Synthesis, Structural Characterization, and Catalytic Properties of Group 4 Metal Complexes Incorporating a Phosphorus-Bridged Indenyl-Carboranyl Constrained-Geometry Ligand

Interaction of iPr2NP(C9H7)(C2B10H11) with 1 equiv of M(NR2)4 in toluene gave constrained-geometry group 4 metal amides [η5:σ-iPr2NP(C9H6)(C2B10H10)]M(NMe2)2 (R = Me, M = Ti (1), Zr (2), Hf (3); R = Et, M = Hf (4)) in good yields. Compound 2 reacted with 3 equiv of PhNCO to produce the tri-insertion product [η5:σ-iPr2NP(C9H6)(C2B10H10)]Zr[η2-OC(NMe2)NPh][η2-OC(NMe2)N(Ph)C(NPh)O] (5). No further insertion reaction occurred with another equivalent of PhNCO. Instead, the trimer (PhNCO)3 was isolated. Compound 2 reacted with 2 equiv of n-BuLi in toluene to afford, after recrystallization from DME/toluene, the dilithium salt [Li(DME)3][η5:σ-iPr2NP(C9H6)(C2B10H10)Li(DME)] (6).
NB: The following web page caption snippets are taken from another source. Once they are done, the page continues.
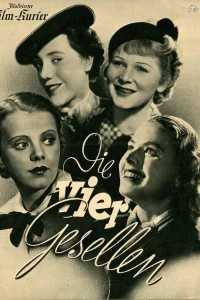 Четыре стипендиата 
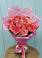 Букет 15 Розовых роз Равель в Сурске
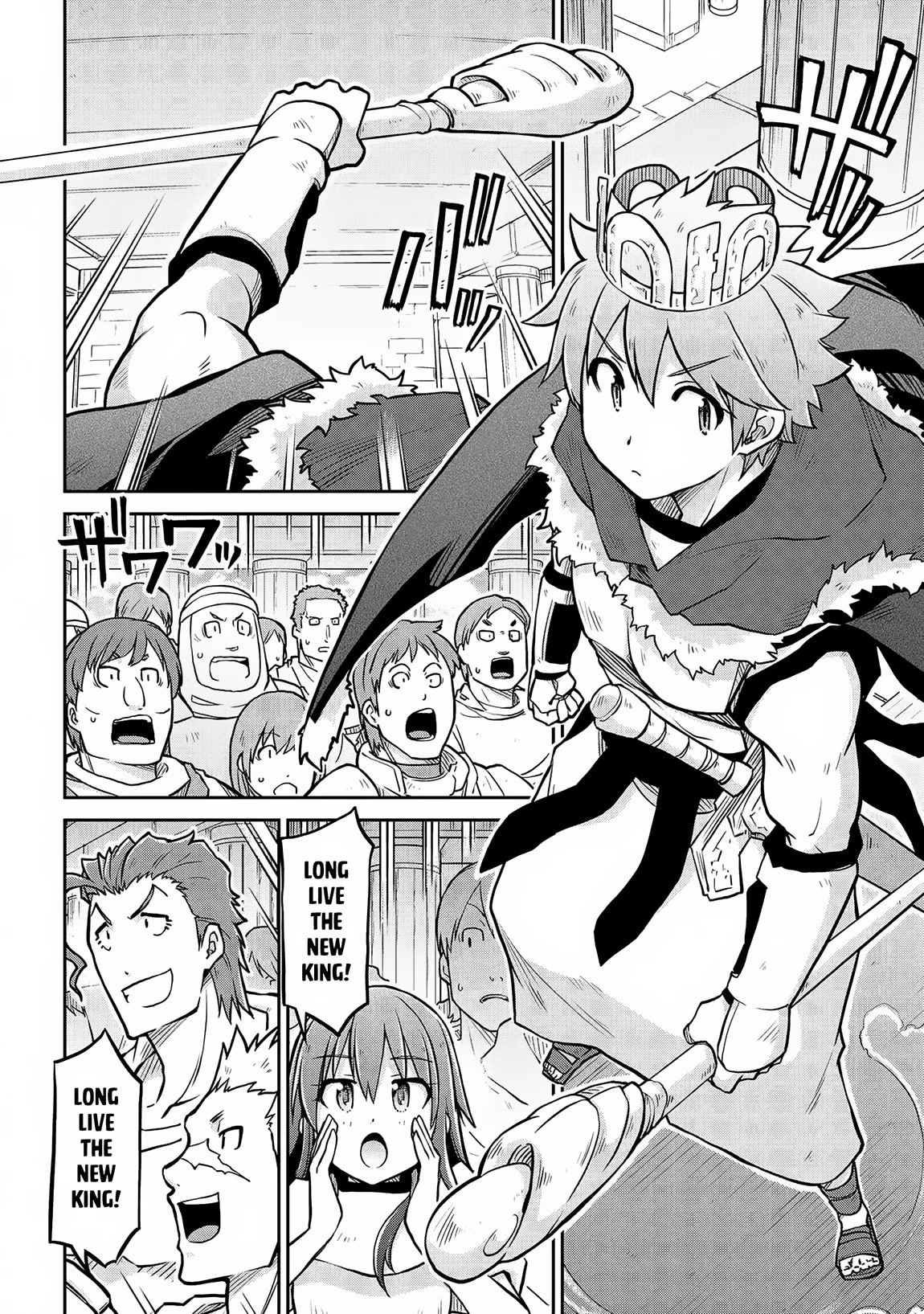 Isekai Kenkokuki Chapter 57 page 13 - Chapter 57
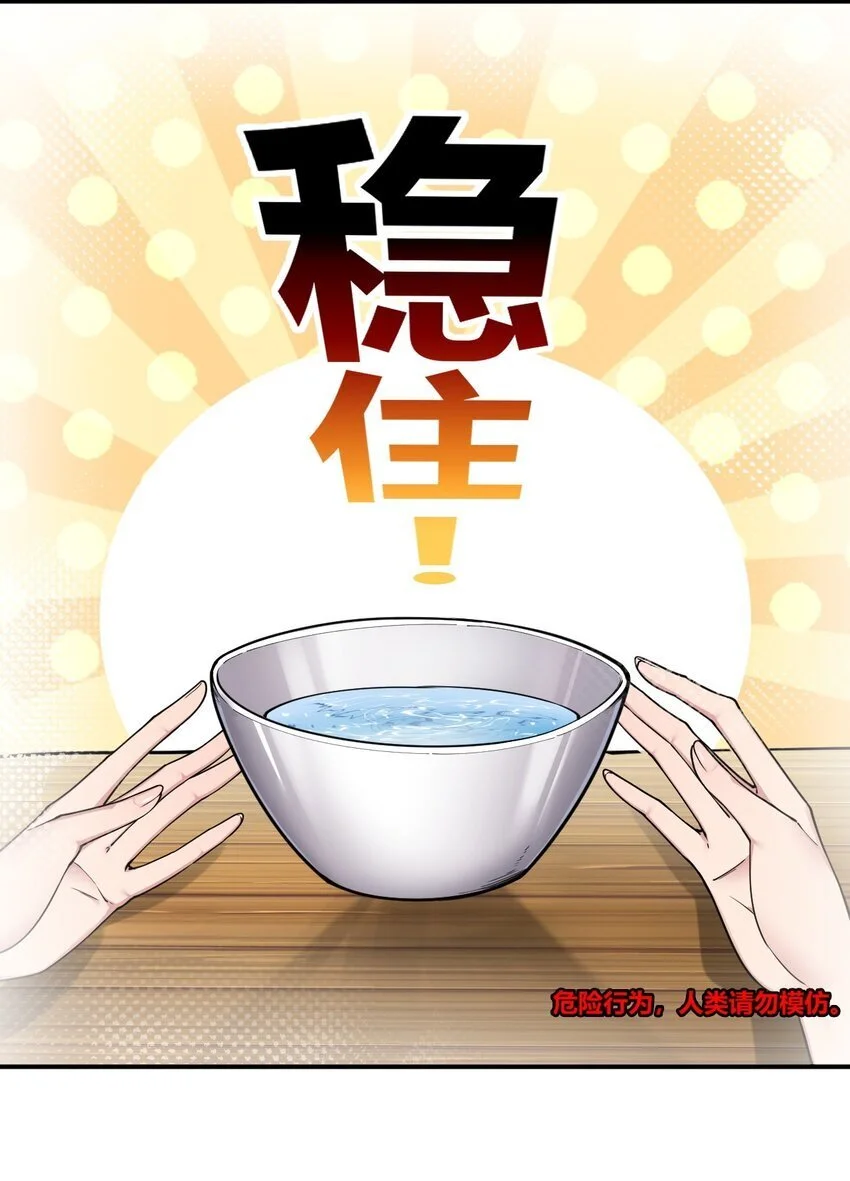 59 杀了我吧19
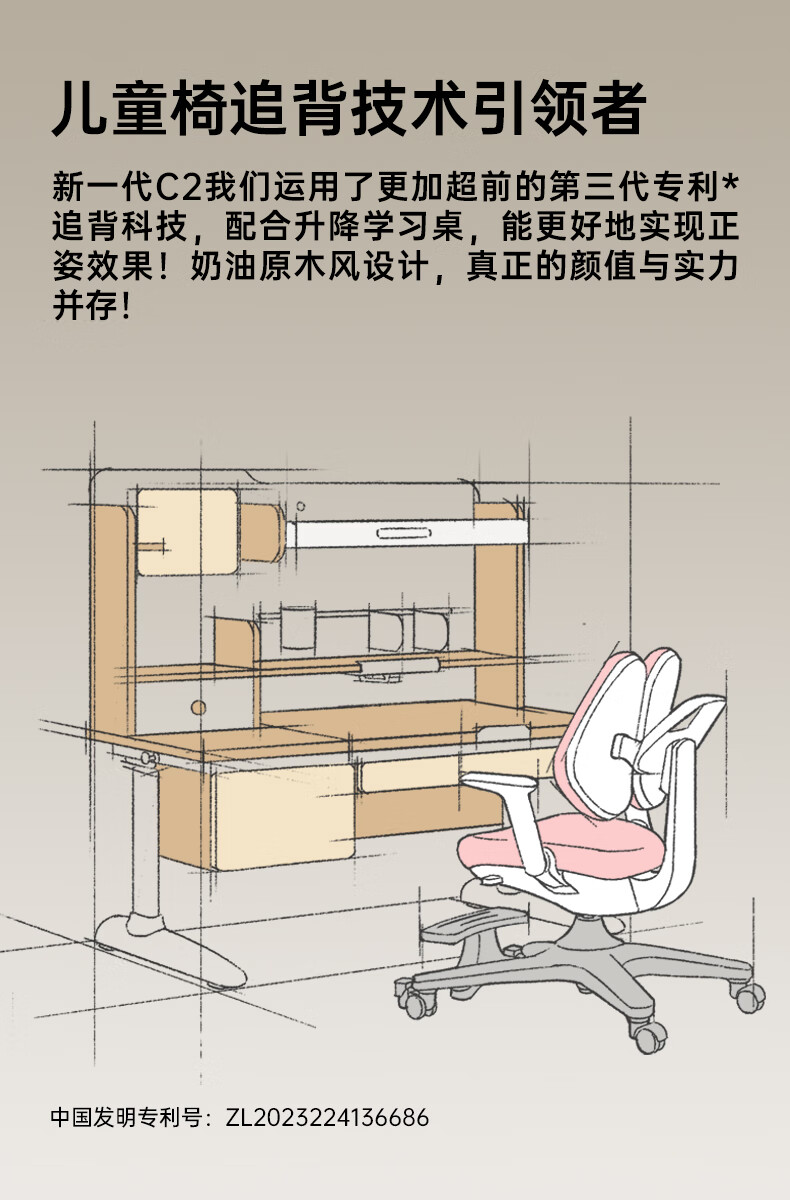 C203集成灯G501G-part1_03.jpg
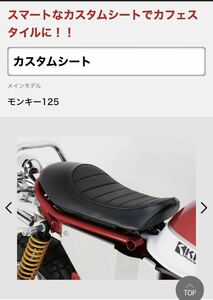 キタコ カスタムシート モンキー125 610-1300050 ホンダ　モンキー　シート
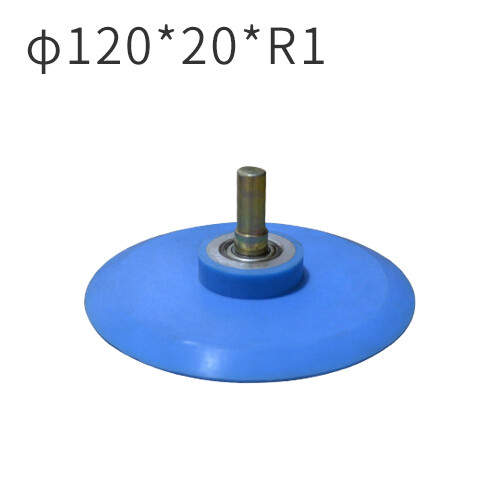 Mingde machinery manufacturing 120*20*R1MM Silicone wheel with pin for profile wrapping machine Mingde machinery manufacturing 120*20*R1MM Silicone wheel with pin for profile wrapping machine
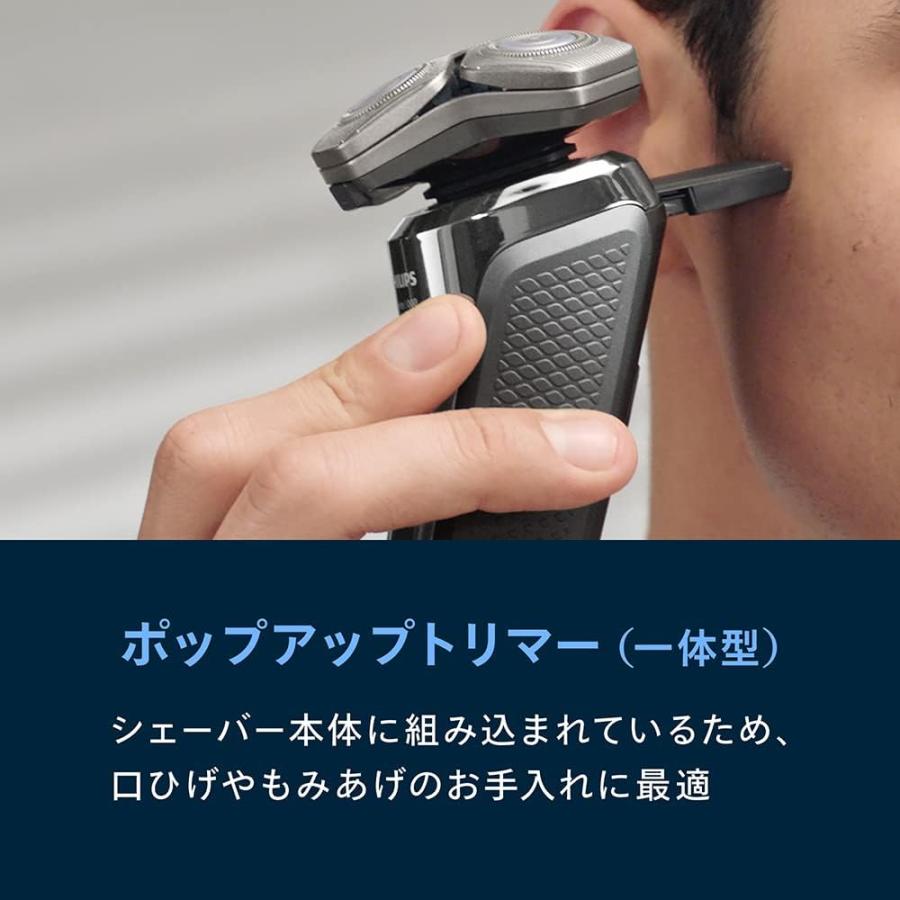 最短当日発送】 フィリップス 9000 シリーズ メンズ 電動シェーバー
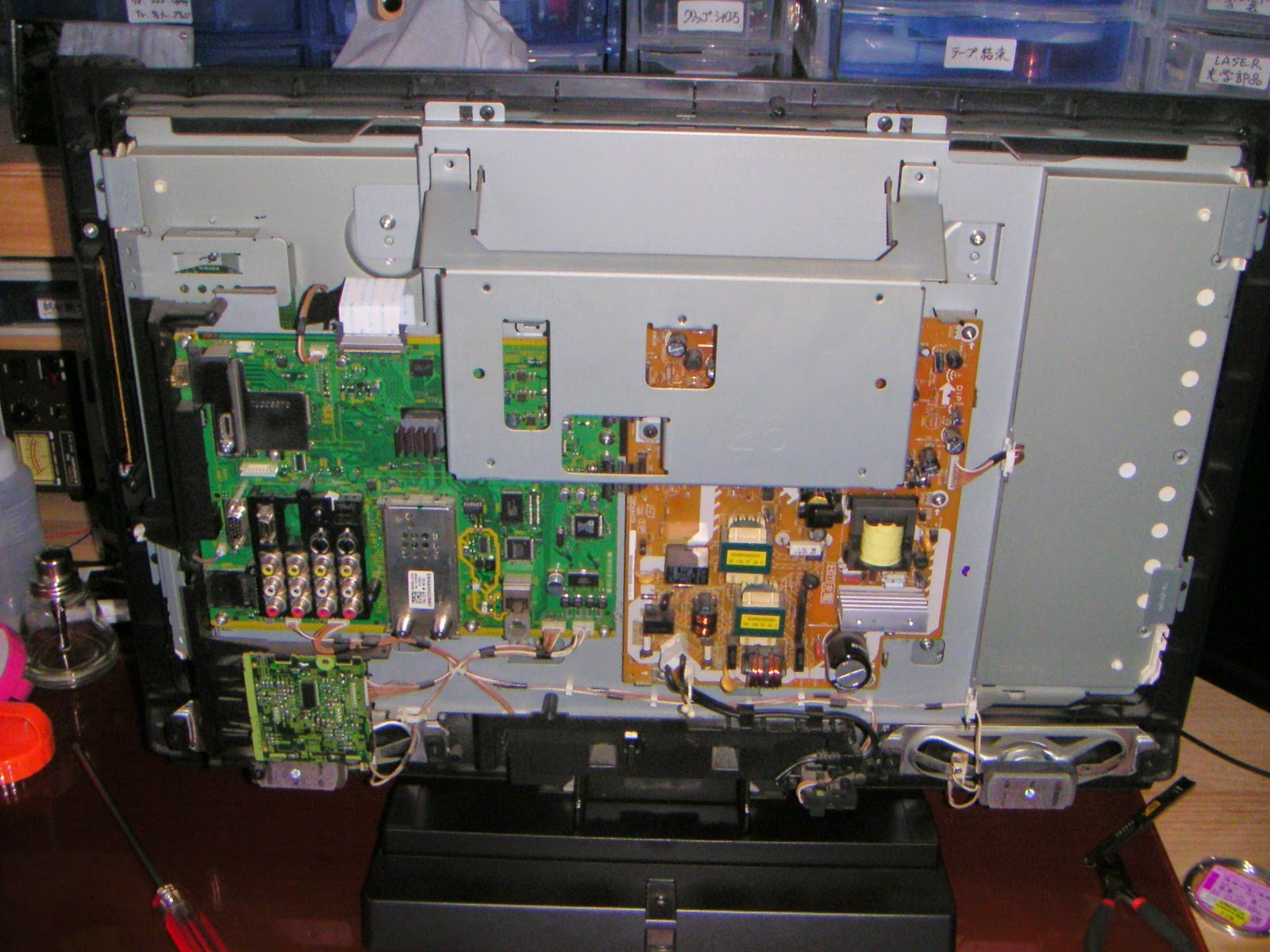 みら太な日々 液晶テレビの分解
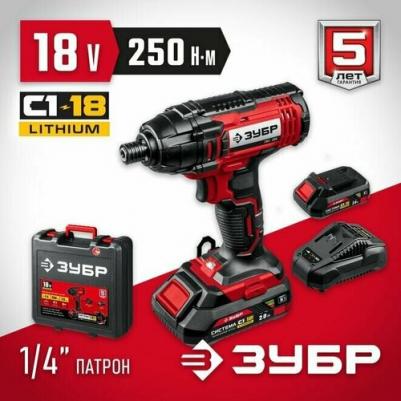 ГВЛ-255-22 – фото 17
An equimolar reaction of 2 with acetylacetone resulted in the formation of Zr(acac)4. 2 exhibited an ethylene polymerization activity of 3.7 × 103 g PE mol-1 atm-1 h-1 upon activation with MMAO. Furthermore, 2 was also able to efficiently initiate the polymerization of ε-caprolactone to give polymers of high molecular weights (Mn > 40 000) and low polydispersities (Mw/Mn < 1.4) through the action of the nucleophilic amido-nitrogen atom, which represents the first example of the polymerization of ε-caprolactone catalyzed by group 4 metal amides.